From independent municipality to hamlet of Rovigo

Until 1927 Borsea was an independent municipality of Polesine, with its own administration and civic identity. Under the administrative reorganisation of the Fascist era it was suppressed and absorbed into the municipality of Rovigo, together with neighbouring hamlets such as Boara Polesine, Buso, Sarzano, Concadirame, Grignano di Polesine and Sant'Apollinare con Selva. Since then Borsea has kept the physiognomy of a distinct village, with its own parish and a recognisable built-up centre, even though it is administratively part of the city. This condition of a 'village within the city' is common to many hamlets of the lower Po plain, and is still reflected today in the way its residents speak of it as a place apart from Rovigo, even while being part of it.

The vanished hamlet of Crocetta

In the territory of Borsea, in what are now the localities of Spianata and Santa Rita, there once stood the hamlet of Crocetta, or Croxe in Venetian dialect, whose name came from the crossing of three roads leading to Tassina, Grignano and Borsea, still recognisable today in the centre of Santa Rita. The hamlet, with its manor house and oratory, was mined and razed to the ground by Austrian troops in April 1864, to create a defensive clearing in front of a nearby fortress, in anticipation of a possible Italian invasion. That episode is the origin of the name of the present-day locality.

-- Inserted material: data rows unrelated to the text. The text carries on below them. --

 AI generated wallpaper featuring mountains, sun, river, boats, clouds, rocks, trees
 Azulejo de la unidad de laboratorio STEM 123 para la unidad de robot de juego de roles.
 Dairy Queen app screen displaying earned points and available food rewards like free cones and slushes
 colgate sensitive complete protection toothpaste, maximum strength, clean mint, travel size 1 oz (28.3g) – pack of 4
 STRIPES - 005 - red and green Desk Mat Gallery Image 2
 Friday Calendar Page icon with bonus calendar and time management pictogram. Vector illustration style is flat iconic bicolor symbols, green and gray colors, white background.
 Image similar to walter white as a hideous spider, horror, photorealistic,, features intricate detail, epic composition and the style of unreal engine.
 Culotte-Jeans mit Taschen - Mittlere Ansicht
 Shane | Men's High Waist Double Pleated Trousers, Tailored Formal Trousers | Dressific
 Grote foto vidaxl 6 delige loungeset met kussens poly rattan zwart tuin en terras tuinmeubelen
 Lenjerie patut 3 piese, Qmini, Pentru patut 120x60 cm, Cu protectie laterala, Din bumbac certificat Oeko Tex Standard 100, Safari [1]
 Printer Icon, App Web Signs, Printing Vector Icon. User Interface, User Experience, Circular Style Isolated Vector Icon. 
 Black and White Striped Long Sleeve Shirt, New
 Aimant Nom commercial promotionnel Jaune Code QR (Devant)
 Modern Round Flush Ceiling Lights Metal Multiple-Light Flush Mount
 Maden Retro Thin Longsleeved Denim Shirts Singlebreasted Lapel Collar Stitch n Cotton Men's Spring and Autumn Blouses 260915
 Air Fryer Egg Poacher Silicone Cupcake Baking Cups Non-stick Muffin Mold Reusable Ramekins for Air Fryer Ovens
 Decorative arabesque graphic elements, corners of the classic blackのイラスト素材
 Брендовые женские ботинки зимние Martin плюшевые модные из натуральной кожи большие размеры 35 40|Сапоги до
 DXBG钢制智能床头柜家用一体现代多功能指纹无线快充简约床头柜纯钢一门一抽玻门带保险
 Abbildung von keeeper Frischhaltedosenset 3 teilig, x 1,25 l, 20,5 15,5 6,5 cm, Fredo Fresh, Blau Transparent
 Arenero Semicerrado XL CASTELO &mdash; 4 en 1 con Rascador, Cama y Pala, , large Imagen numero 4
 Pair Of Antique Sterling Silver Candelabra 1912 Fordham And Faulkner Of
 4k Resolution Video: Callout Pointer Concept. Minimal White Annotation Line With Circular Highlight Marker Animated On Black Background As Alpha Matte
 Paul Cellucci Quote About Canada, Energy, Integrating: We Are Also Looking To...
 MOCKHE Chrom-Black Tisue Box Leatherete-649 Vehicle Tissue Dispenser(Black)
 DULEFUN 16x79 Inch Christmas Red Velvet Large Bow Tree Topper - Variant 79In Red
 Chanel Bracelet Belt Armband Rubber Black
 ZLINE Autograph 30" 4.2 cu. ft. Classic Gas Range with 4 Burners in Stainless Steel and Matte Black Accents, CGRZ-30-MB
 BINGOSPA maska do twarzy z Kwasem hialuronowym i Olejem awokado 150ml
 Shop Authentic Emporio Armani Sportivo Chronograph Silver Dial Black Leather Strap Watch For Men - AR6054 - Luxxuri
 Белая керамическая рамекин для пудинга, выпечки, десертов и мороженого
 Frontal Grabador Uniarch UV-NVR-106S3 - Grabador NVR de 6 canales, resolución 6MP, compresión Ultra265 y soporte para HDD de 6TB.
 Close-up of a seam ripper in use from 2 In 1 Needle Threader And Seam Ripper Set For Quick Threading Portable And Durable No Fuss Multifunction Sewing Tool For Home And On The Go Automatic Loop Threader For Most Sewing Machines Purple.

It is one of the few well-documented and verifiable historical events tied to Borsea, and it illustrates well how Polesine was for centuries a borderland of military outposts rather than of great monuments.

The Adigetto canal and water as a common thread

Like the whole area south of Rovigo, Borsea owes its shape to the hydraulic system of Polesine, in particular to the Naviglio Adigetto, the ancient watercourse that for centuries ran through the city before being diverted in 1938. The territory today is marked by land-reclamation canals, embankments and ditches that regulate a naturally low-lying soil prone to flooding, the legacy of a plain reclaimed from water over the centuries. There are no large navigable waterways at the heart of the hamlet itself, but the relationship with water remains central to local agricultural life, which depends on regulated irrigation and the constant maintenance of drainage channels, a theme common to much of the low Veneto plain.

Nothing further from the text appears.